Thanks for the corrections. The memory's the first thing to go...


----------



## buzz (Apr 16, 2004)

FYI, HERO is pretty much favorite system, jockeying with d20 for said honor.



			
				jmucchiello said:
			
		

> I would also recommend to anyone thinking about HERO to pick up a book called Sidekick by Hero Games. Sidekick is a 128 page, $10 streamlined version of the rules. Some might call it dumbed down since it skips over some of the more complicated constructs but it is a completely playable RPG as long as your character builds are not too weird. And once you've mastered Sidekick, you can graduate to the HERO System rulebook in all its 370+ page glory. At which point you use your copy of Sidekick to lure people into playing HERO with you.



Beat me to it. 

There has never been a better time to check out HERO. Steve Long and co. are caffeinated robots who pump out a *lot* of support material, contrary to what's been said above, all of which is written much more clearly than previous editions. Included in this is _Sidekick_, which as mentioned above, is basically HERO's learning edition and a great buy. I know people who've moved to using _Sidekick_ exclusively as a "lite" version of their favorite game.
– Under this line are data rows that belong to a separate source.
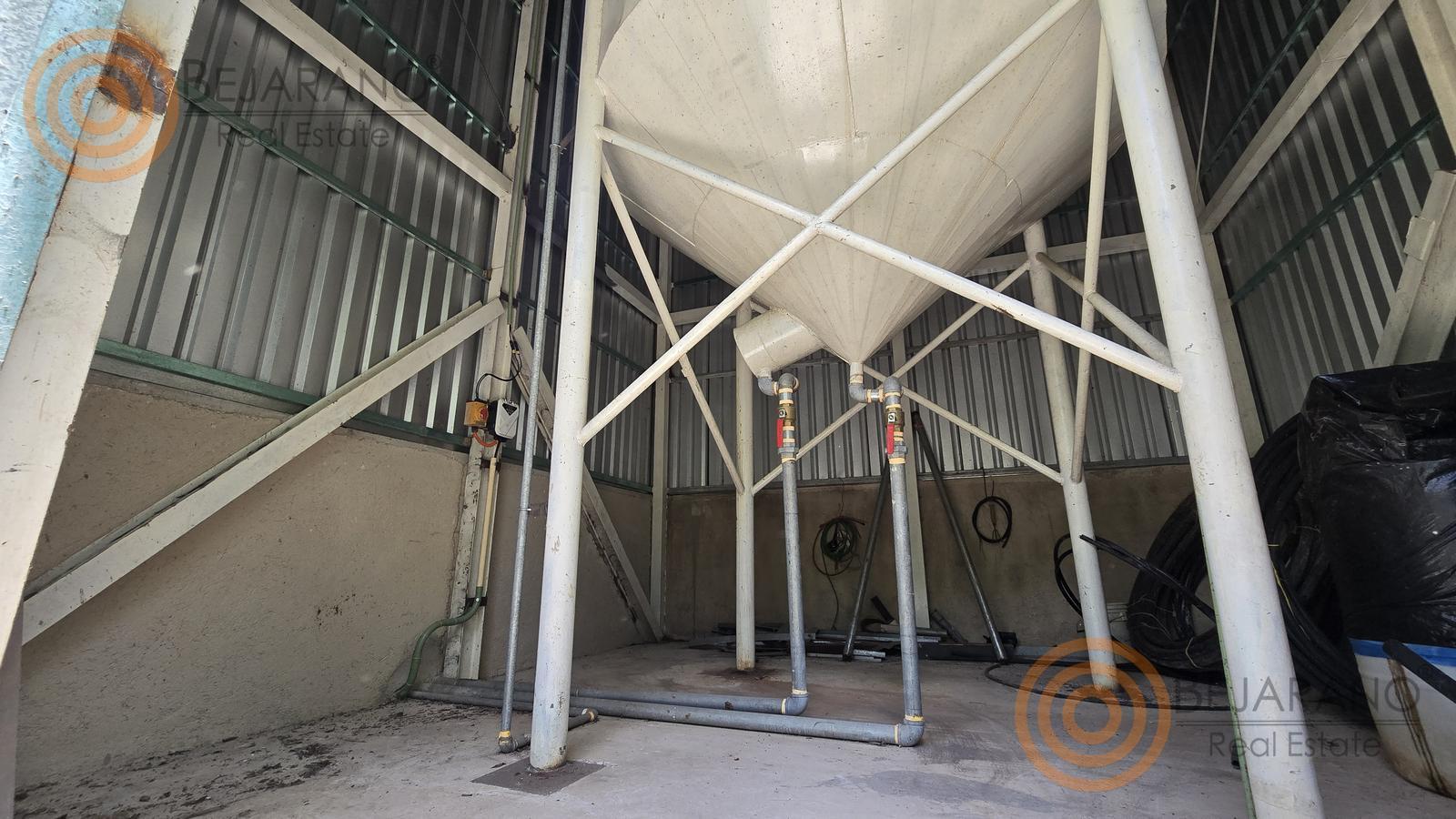 bre-rv-tixcalcupul-380-10 Estructura de la torre de servicios con tanque de agua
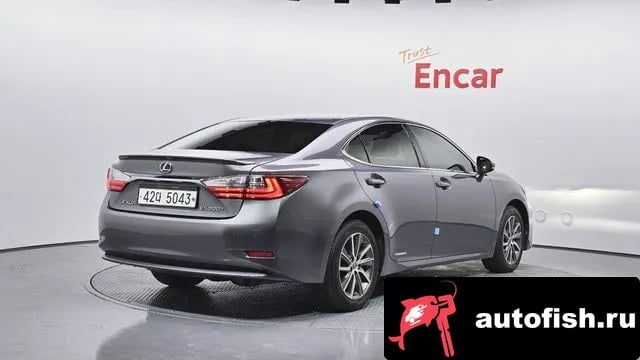 Lexus ES New ES300h 2018 года - вид 2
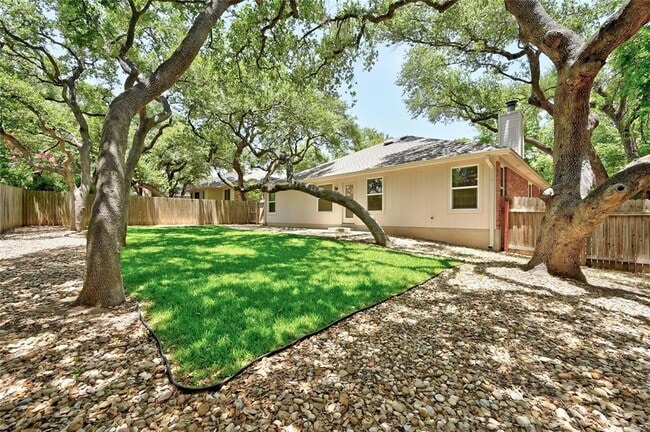 Building Photo - 5703 Marchmont Ln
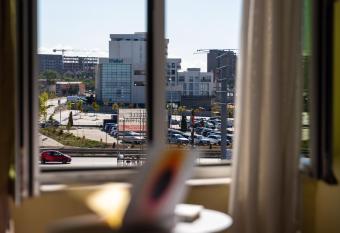 Hotel United allows 18 year olds to book a room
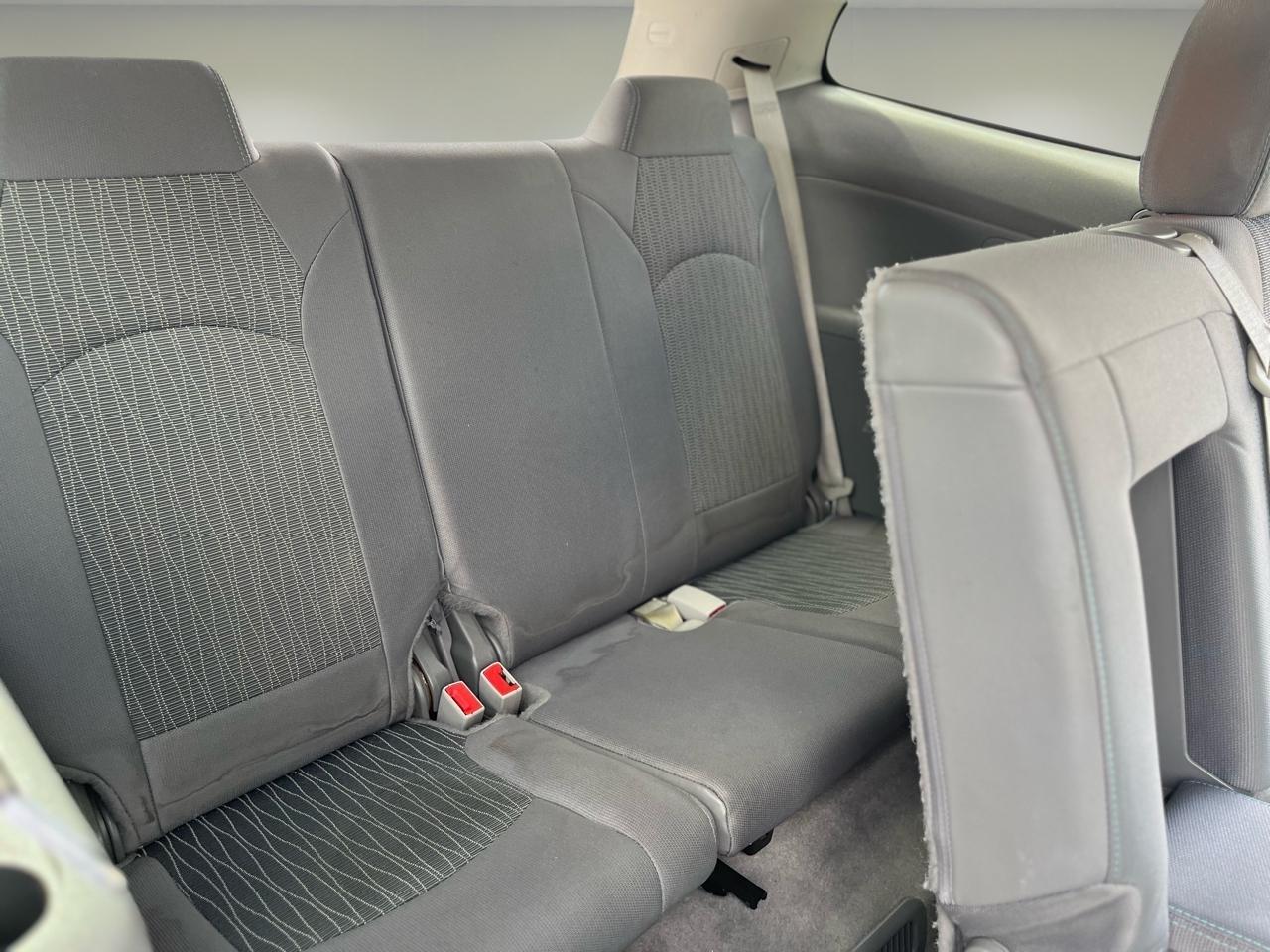 Chevrolet Traverse 4dr LS w/1LS 2016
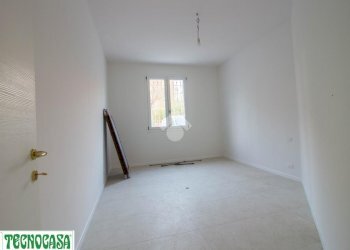 Three-room apartment Via della Libertà, Casalecchio di Reno - photo 3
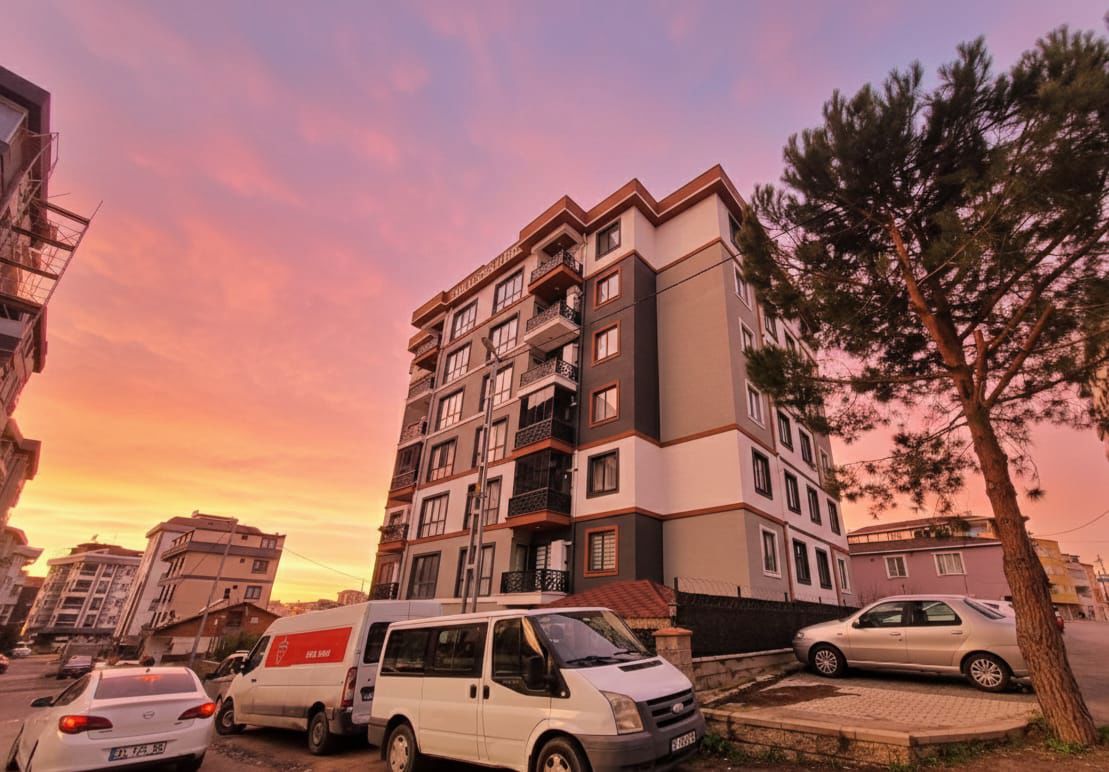SULTANBEYLİ BATTALGAZİ 'DE TERASLI ÇATI DUBLEX 6+1 SATILIK DAİRE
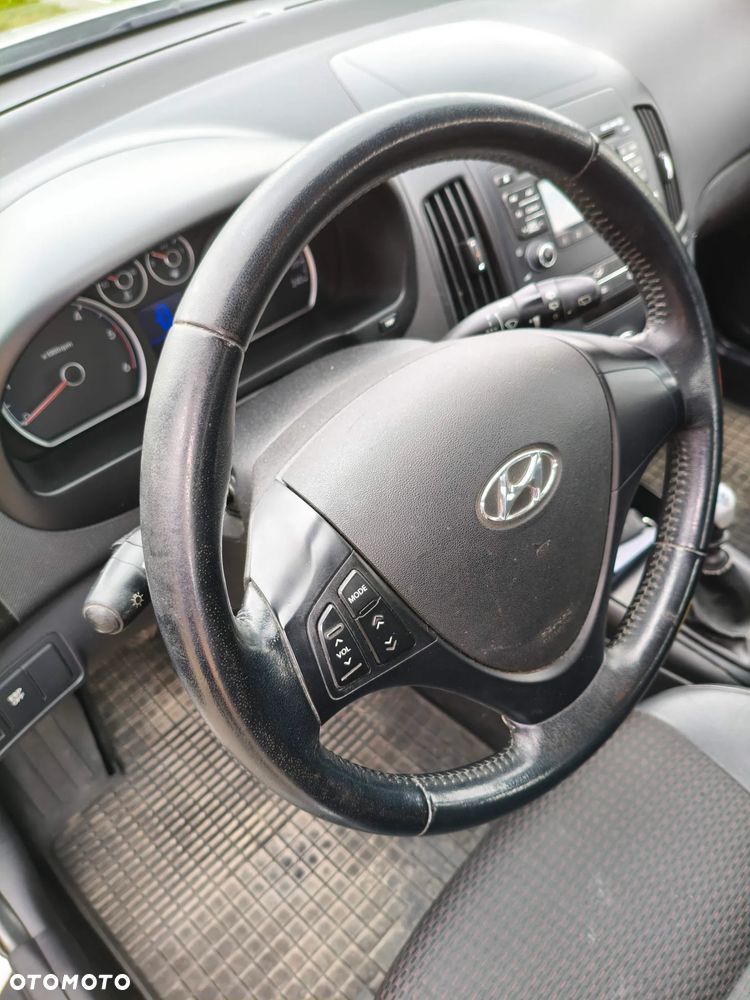 Hyundai i30 - 11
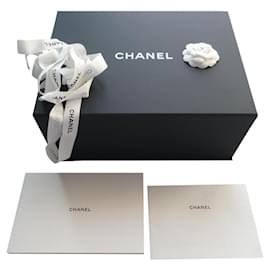chanel empty box for handbag Black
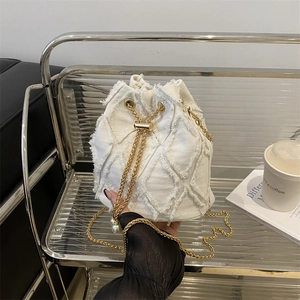 Weiße Bucket-Bag aus Denim mit Fransen, Rautensteppung und goldener Kette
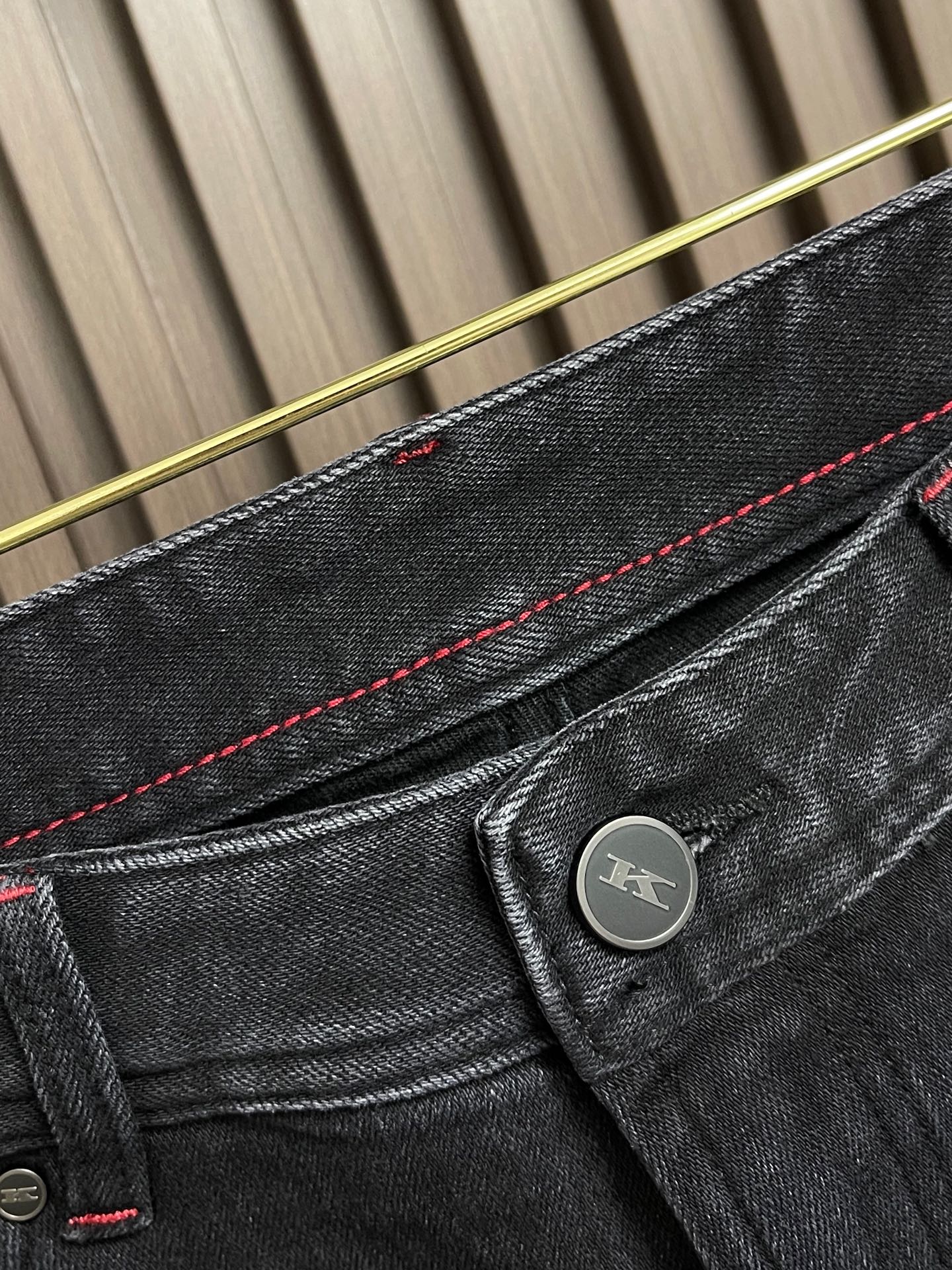 🛒🛒Kiton 2026SS春季新款男士直筒牛仔裤，棉质牛仔面料打造质地柔软又不失筋骨，手感干爽有韧性 经典的标志性浮雕
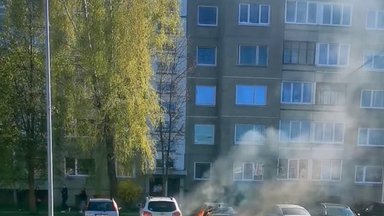 В столичном районе Григишкес горел автомобиль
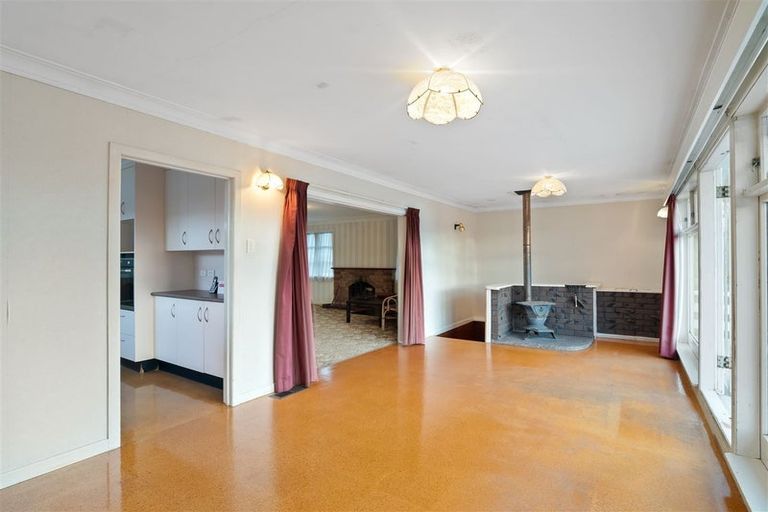 Photo of property in 20 Renata Crescent, Te Atatu Peninsula, Auckland, 0610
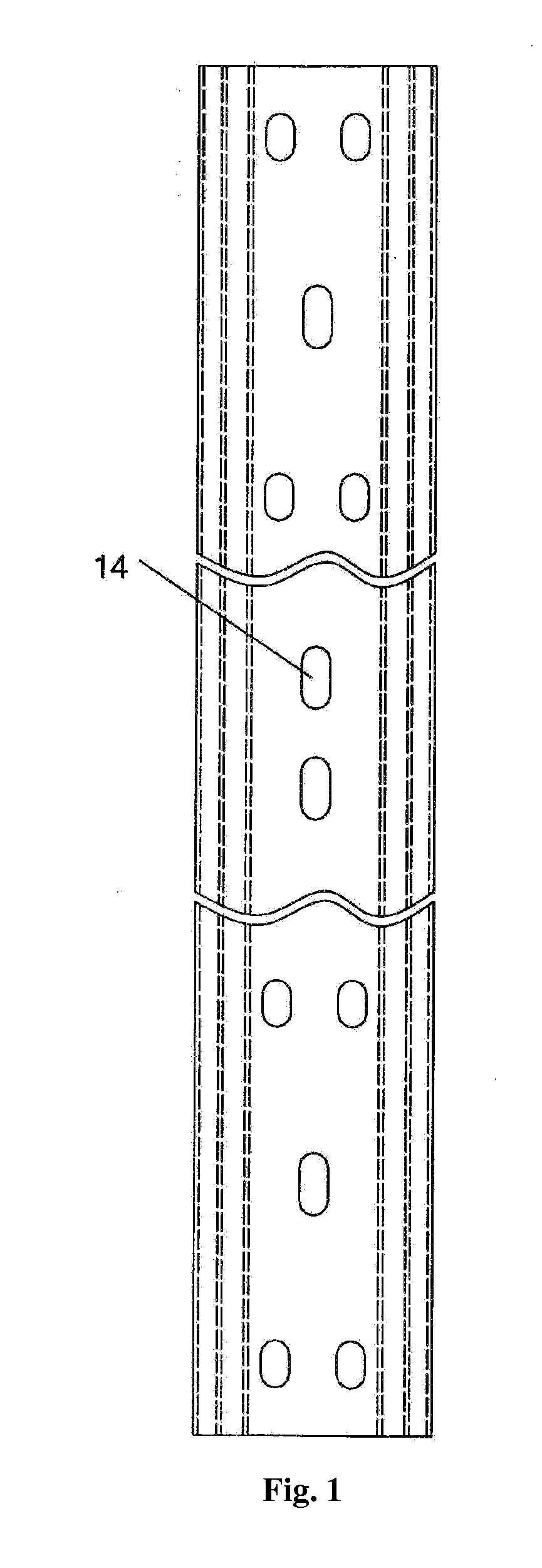 Single-wave beam guardrail plate and single-wave beam steel guardrail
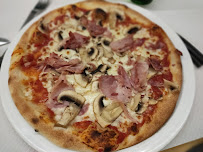 Pizza du Pizzeria Villa Romana à Colmar - n°18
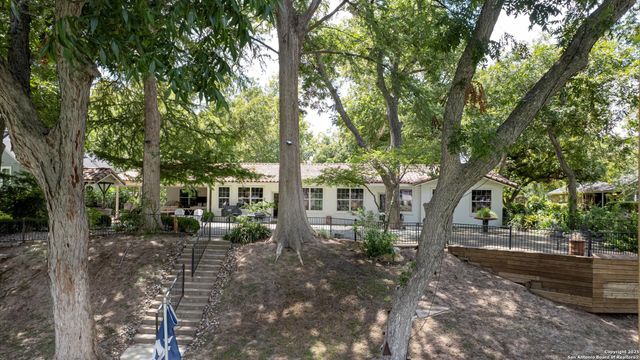 2323 Terminal Loop, Mcqueeney, TX 78123
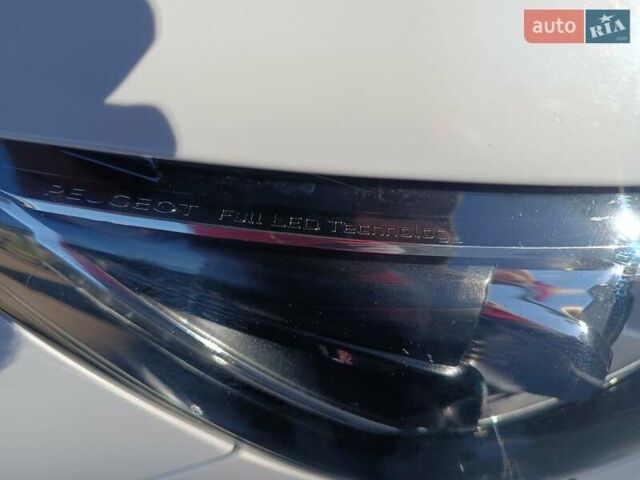 Білий Пежо 308, об'ємом двигуна 1.2 л та пробігом 226 тис. км за 9000 $, фото 55 на Automoto.ua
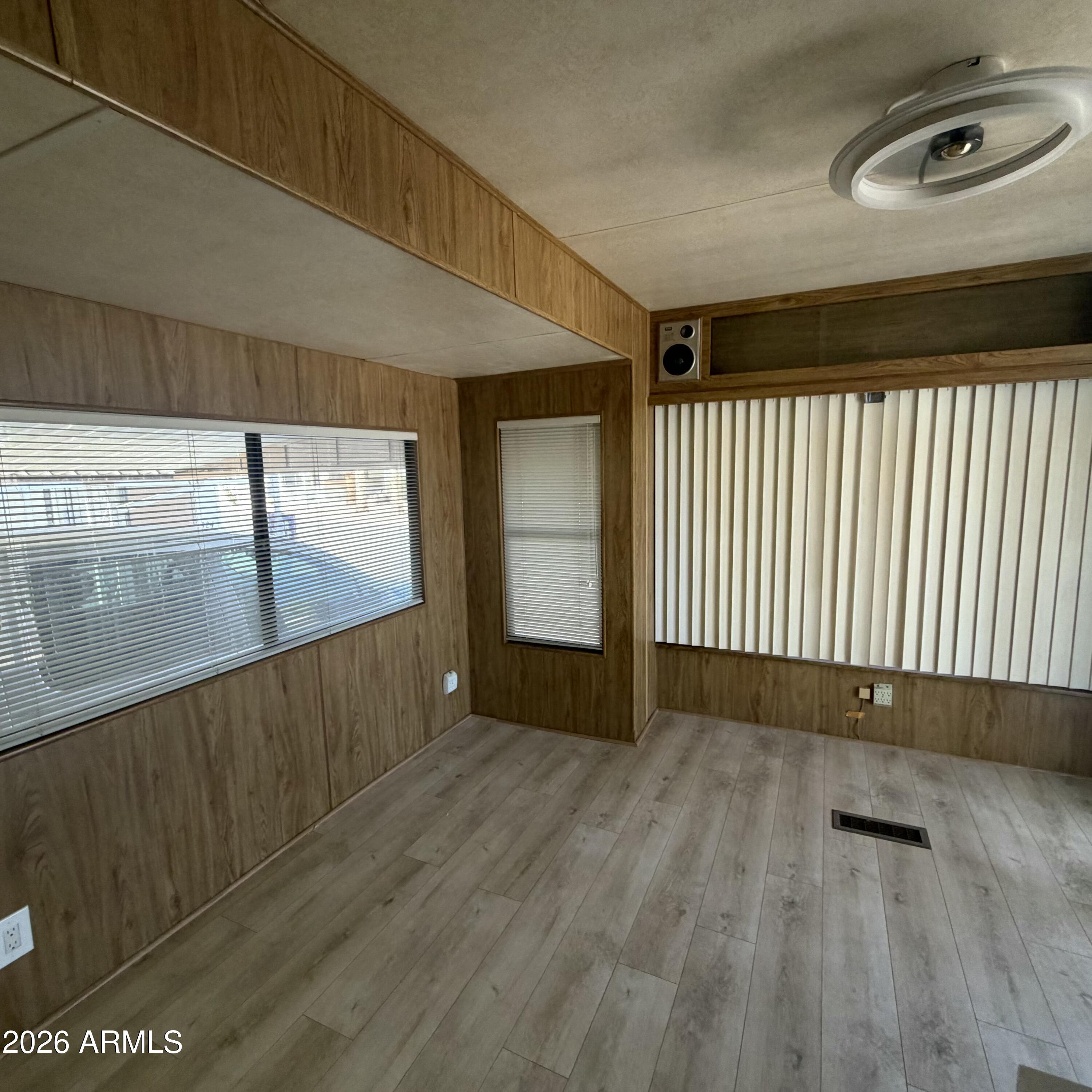 305 S VAL VISTA Drive 325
So, if you're considering HERO, start there.

Is HERO complex? During chargen, it can get overwhelming when you first use it. You have so many options that are wide open to you, it can be daunting to figure out where to put your points. If you're a GM, this becomes more of an issue of course... unless you don't worry about making the points add up (e.g., you don't need to know exactly where all the Disadvantage points came from for a one-shot villain; as long as you have combat stats and any pertinent vulnerabilties, you're good to go).

In play, though, I haven't found it any more complex than d20. In some ways, I find it a little easier, really. I tend to scribble way more notes and juggle situational modifiers (that I end up forgetting half the time) a lot more when I play D&D. I haven't seen combats take any longer either; usually less. Granted, I've got a 20+ year HERO vet GMing my game. 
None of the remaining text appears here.